Deciding whether to contribute to a Roth account vs. a regular retirement account is a personal decision based on your financial situation. In general, if you are younger or on the lower end of your earning potential, then the Roth is the better option. Check out this article by the balance for an in-depth discussion about how to choose the best option for you.
What to Roll Into What:
After you leave your employer you are eligible for a rollover. You have 2 options:
- Rollover the money into an individual retirement account (IRA)
- Rollover the money into your new employer’s retirement plan
I always rollover my money into my Individual Retirement Accounts (IRAs). I recommend this method because IRA accounts offer more investment options, more control, and greater flexibility than employer plans.
There are two Individual retirement account types: IRA and Roth IRA. The difference is in the tax treatment, just like with employer retirement accounts.
With an IRA, you get a tax break up front and then taxes are taken out once you retire, similar to a 401k. With a Roth IRA, you pay taxes on the money when you put it into the account so that you don’t have to pay taxes on it when you retire, just like a Roth 401k.
This visual will help you figure out which retirement account you need for your rollover:
4 Steps To Complete Your Rollover
Now that you understand the strategy, let’s dive into how to actually complete the rollover.
Step 1: Set Up Your Individual Retirement Accounts
You need somewhere for the money to go, so this is where you create your individual retirement accounts. Create both an IRA and a Roth IRA so that no matter what employer plan you have in the future, you can easily rollover the money once you leave. Also, if you set up your Roth IRA right now and contribute to it regularly, you will jump start your journey to financial freedom.
Create your accounts at a brokerage firm
My two favorites companies are Vanguard and Fidelity. Setting up the account is as simple as clicking “create account” and following the instructions. Remember to do this twice – once for your IRA and then again for your Roth IRA.
Vanguard:
- Create Rollover IRA
- Select “Move an account or assets to Vanguard”
- Create Roth IRA
- Select “New Account” and then follow the steps. Select “Retirement Account” and then “Roth IRA”
Fidelity:
*** One note: You may see the option to create a Traditional IRA or a Rollover IRA. Both accounts do the same exact thing and have the same tax treatment. The only difference is that the rollover IRA is designed for people transferring old employer plans, so the brokerage company helps walk you through the steps like I’m doing here.
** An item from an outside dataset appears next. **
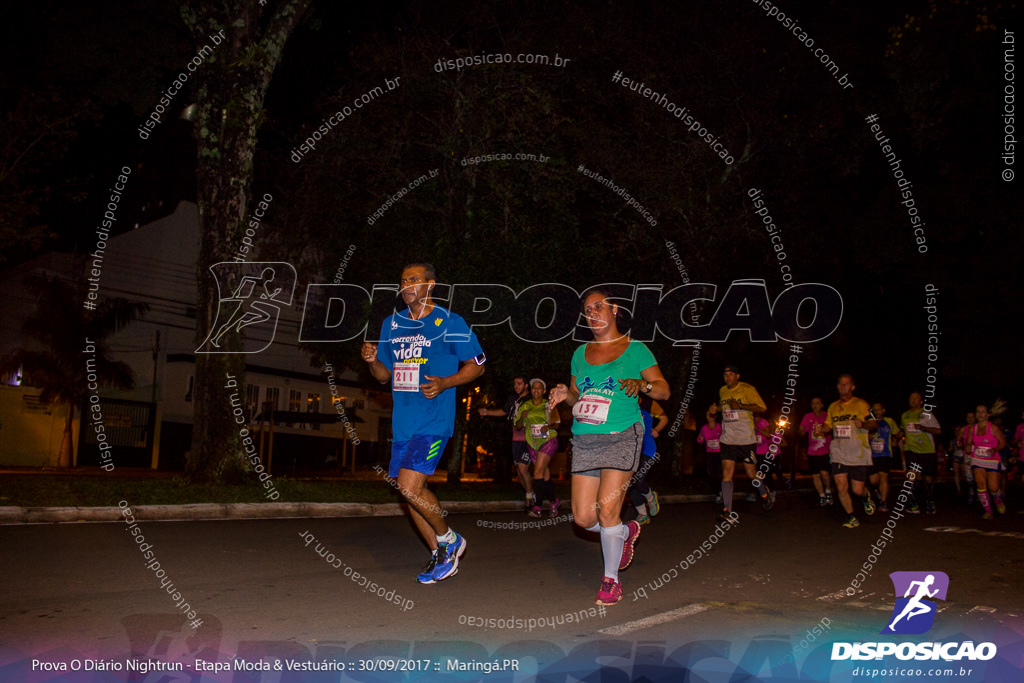 O Diário Night Run - Etapa Moda & Vestuário :: Paraná Running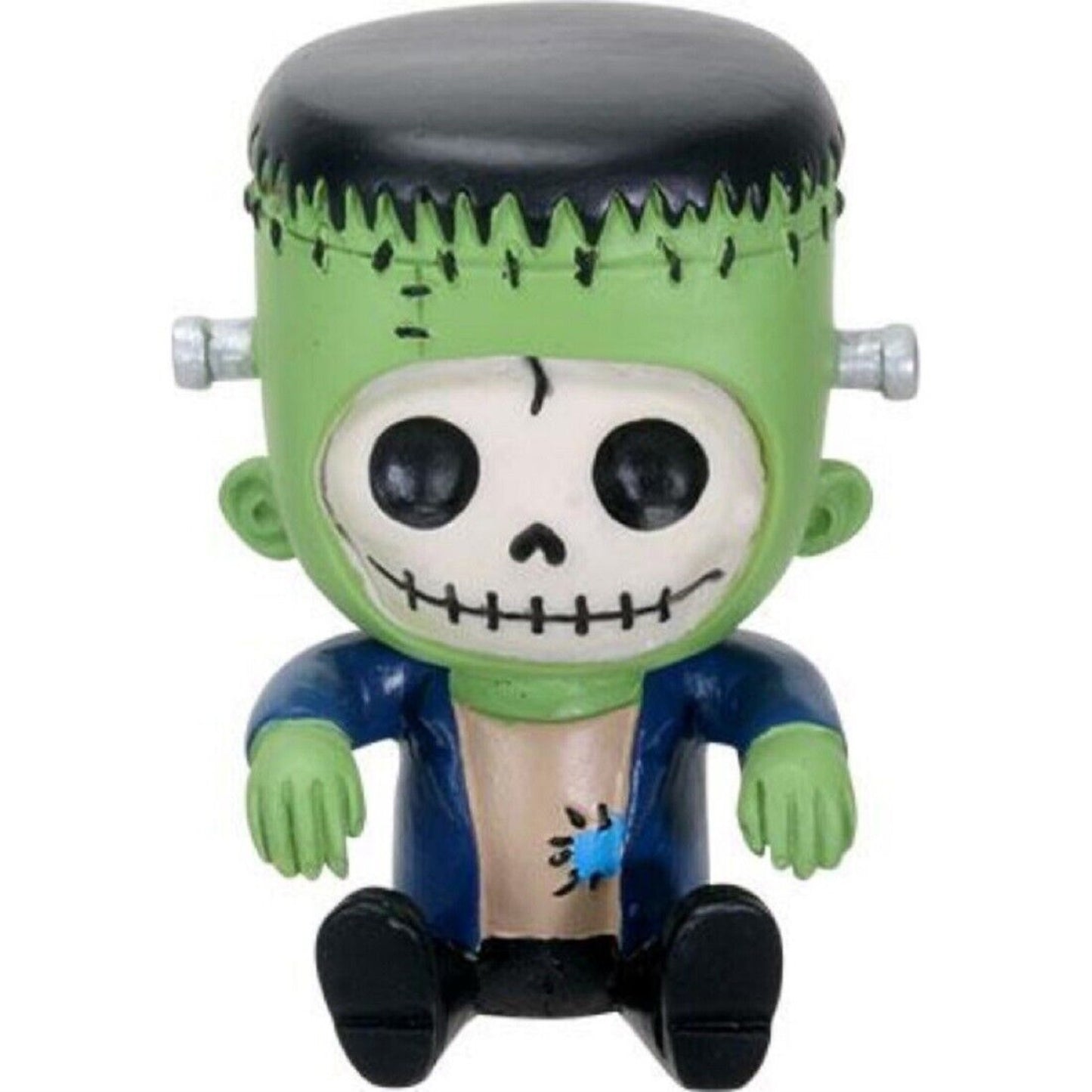 Furrybones Frankie The Frankenstein's Monster Skeleton in Costume Figurine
I liked this feature so I created a Rollover IRA.
Step 2: Contact Your Old Employer
This is where you need to contact your old employer and tell them that you want to rollover your old retirement plan directly into your IRA. Just keep in mind which account you want the money sent to – either your IRA or your Roth IRA based on the Rollover Guide above.
Next, you will provide your brokerage firm and account information to your old employer so they can send the funds directly to your new IRA or Roth IRA. Your brokerage firm has all of the details that your old employer needs to complete the transaction.
Step 3: Consider a Roth Conversion
This step is an option if you rollover a 401k, 403b or 457b account into your IRA. That money has not been taxed yet, and it won’t be until you retire, unless you decide to convert it to your Roth IRA. There are benefits to doing this, which I outline in my article Why I rolled over $8,461.02 from my 401k to my Roth IRA.
When you convert your IRA money to your Roth IRA, the amount that you convert gets treated as taxable income in the year that you do the conversion. So here are some points to keep in mind:
- Understand how this conversion impacts your tax bracket. It’s ideal to do your Roth conversion in a year where your taxable income is lower, or in a year where you can afford the additional taxes.
- Once you convert your IRA money to your Roth IRA, this cannot be undone. This used to be possible, and it was called recharacterization, but it’s no longer allowed as per 2017 legislation.
Step 4: Don’t forget to Invest!
Once you complete your rollovers and have your money in your new IRA and/or Roth IRA, don’t forget to invest it! The investing process is what actually grows your money over time. Exactly what you invest in is your choice, but my two favorite options are included below.
- Target Date Funds
- Index Funds
Find out more information about each option in my article I Wanna Roth.
If you have any questions or want to discuss your specific rollover scenario, reach out to me. If the employer plan that you have is different than the accounts I discuss, check out the IRS Rollover Chart to see exactly what you can and cannot do.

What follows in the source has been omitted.